Council and
Government budgets are lengthy and complex, and I very much doubt whether more
than a handful of those who vote on them can honestly say that they really know
exactly what they’re voting for or against.
They have to pretend that they do, of course. That’s politics.
There’s also a
natural human tendency to concentrate on what we can easily grasp. In one of my first meetings as a new
councillor in 1979, I remember sitting in a council Personnel Committee and
being stunned at how much debate there was about the expenditure of a few
hundred pounds on a course here or there for a member of staff, whilst across the Council,
expenditures of millions of pounds were nodded through with no scrutiny at all.
It doesn’t surprise
me, therefore, that the political debate on the Assembly’s budget has
concentrated on comparatively small sums rather than on the main thrust of the
budget (a point which was also made on the Bevan Foundation blog today).
It’s partly down to
the difficulty which most of us have with grasping a large and complex set of
numbers; but it’s also partly about the difficulty of expressing complex
alternatives to the public through the media.
Simple points hit home more readily than complicated debates.
One of the issues
which has been thrown to the fore this year has been about the extent to which
the Government is right to use its reserves to maintain expenditure. (I’ll admit that I hadn’t understood until
reading the Bevan Foundation article that the use of these reserves was a
matter for the UK Treasury rather than the Welsh Government. Update: See comment from Peter Black below; this appears to be a misunderstanding by the author of the post at the Bevan Foundation.)
‘Reserves’ are
always a thorny issue when budgets are discussed. Typically, oppositions suggest that they
should be used and ruling parties like to sit on them for a rainy day (or, more
cynically, an election year). There isn’t
a ‘right’ amount to hold in reserve; whether using them is a ‘prudent way of
trying to maintain services’ (or reduce precepts) in difficult times or a ‘raid
on the piggy bank’ is a matter of opinion rather than fact.
What parties are
trying to do in concentrating on the (comparatively) small, of course, is to
use specific comprehensible examples to display their own values and
approach. I can’t help wondering,
though, whether there isn’t a parallel with that Personnel Committee all those
years ago. Are the big sums really
getting the scrutiny that they deserve?
15 comments:
It's all to do with Maths John, people aren't good at Maths.
The Bevan Foundation are confused on the reserves. They are confusing them with End Year Flexibility. An issue that has now been largely settled.
Peter,
Thanks for the clarification; that makes much more sense to me. Shouldn't believe everything I read, obviously...
Many years ago I worked for a council at a time of change. The civil servants did not offer up to the elected members the full range of options, rather they screened them. They chose a couple of options then, subtly, skewed the case so that one seemed sensible over all the others.

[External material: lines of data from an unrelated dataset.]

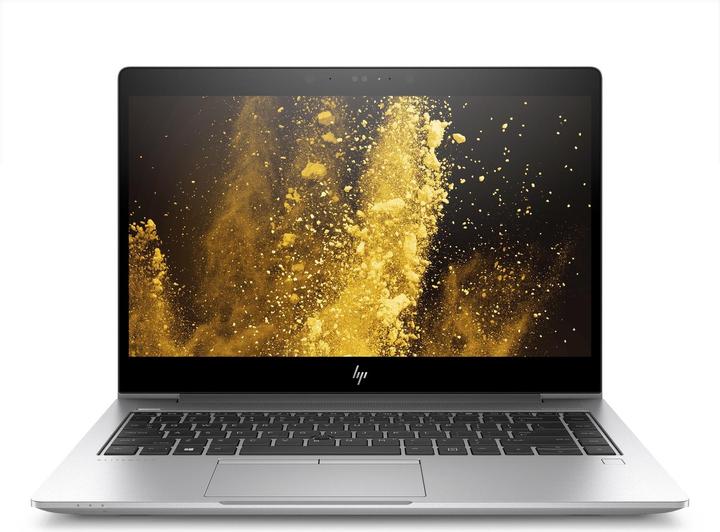 HP EliteBook 840 G5 (14", Intel Core i7-8550U, 16 GB, 1000 GB, CH)
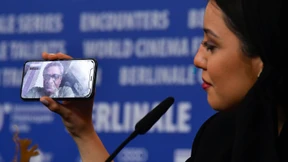 Haftbefehl gegen iranischen Berlinale-Gewinner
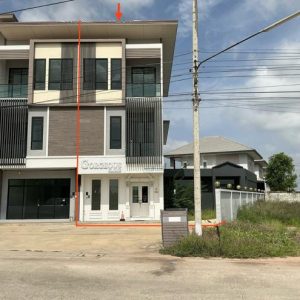 04 อาคารพาณิชย์ | นครราชสีมา เมืองนครราชสีมา ตลาด | 04-88-06743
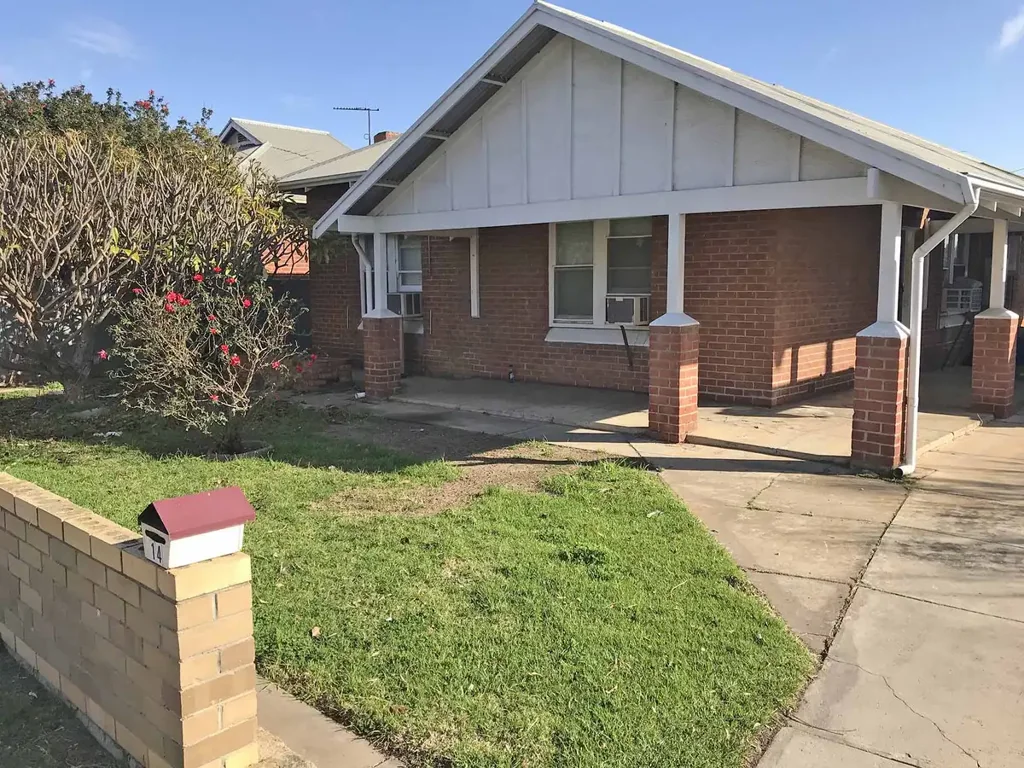 Large Bungalow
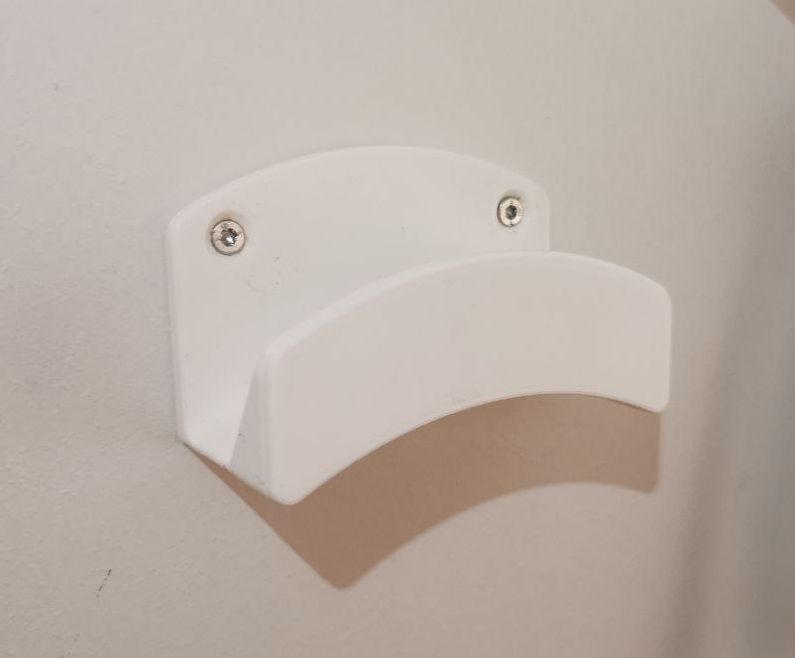 Cable Hanger Wall Hook - photo 2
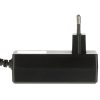 MAIŅSTRĀVAS BAROŠANAS ADAPTERIS 9V/4A/5.5-V2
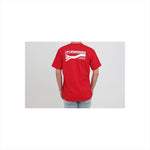 ヨシムラ｜Tシャツ レッド/The Original｜900-224-362XL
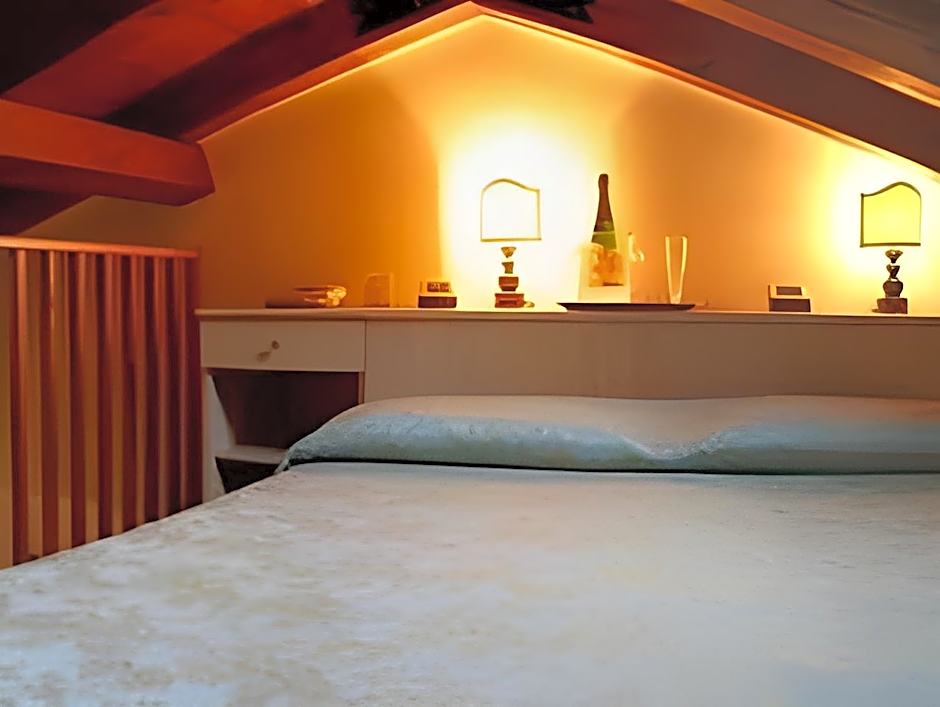 Residenza Favaro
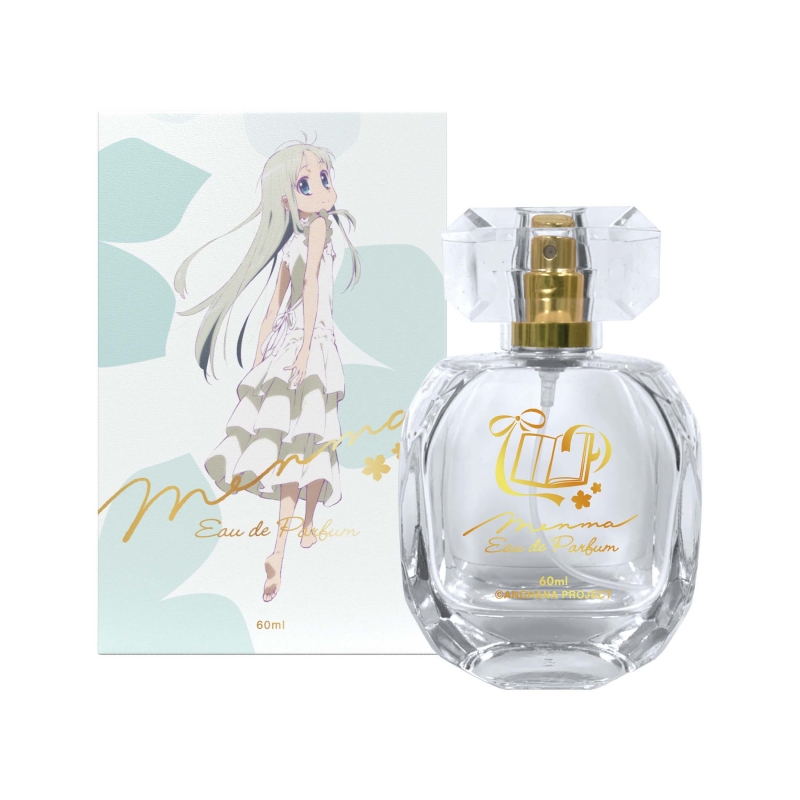 ヴィクトリースパーク あの花の願い めんま TD サイン ヴィクトリー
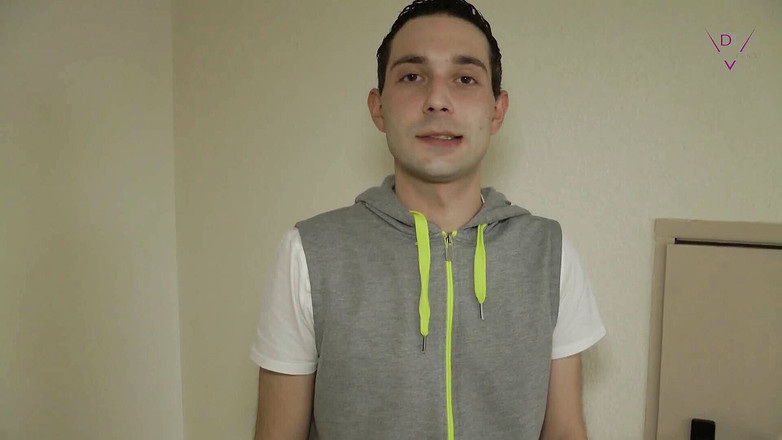 Dirty Tina: Jsem fanoušek - šukal jsem se Dirty Tina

I dare say the councillors got stuck into the detail in that debate too whilst the bigger case slipped them by.
You have to look at Foucault about power and of course Gramsci
Shocked and stunned as I am by the fact that you have agreed with Peter Black, that doesn't alter the main thrust of your post, that smaller sums are the subject of intense debate while the larger items are nodded through.
There is a deeper problem here and it is one that any democracy must struggle with. Showing yourself to be a concerned politician and mindful of the public purse is a much easier task when you are debating minor issues. The opportunity of presenting yourself in a favorable light seems to diminish with the complexity of the issue. So how does the ambitious politician get re-elected? Only through arguing for easily identifiable issues and letting "Experts" tell him how to vote on the big ones.
It seems to be more about getting elected than about responsible book-keeping.
Incidentally I find myself agreeing with Peter Black more times than I disagree, it's just that the disagreements are on major issues and the agreements are on minor ones.
Kinda brings us back to the point of your post.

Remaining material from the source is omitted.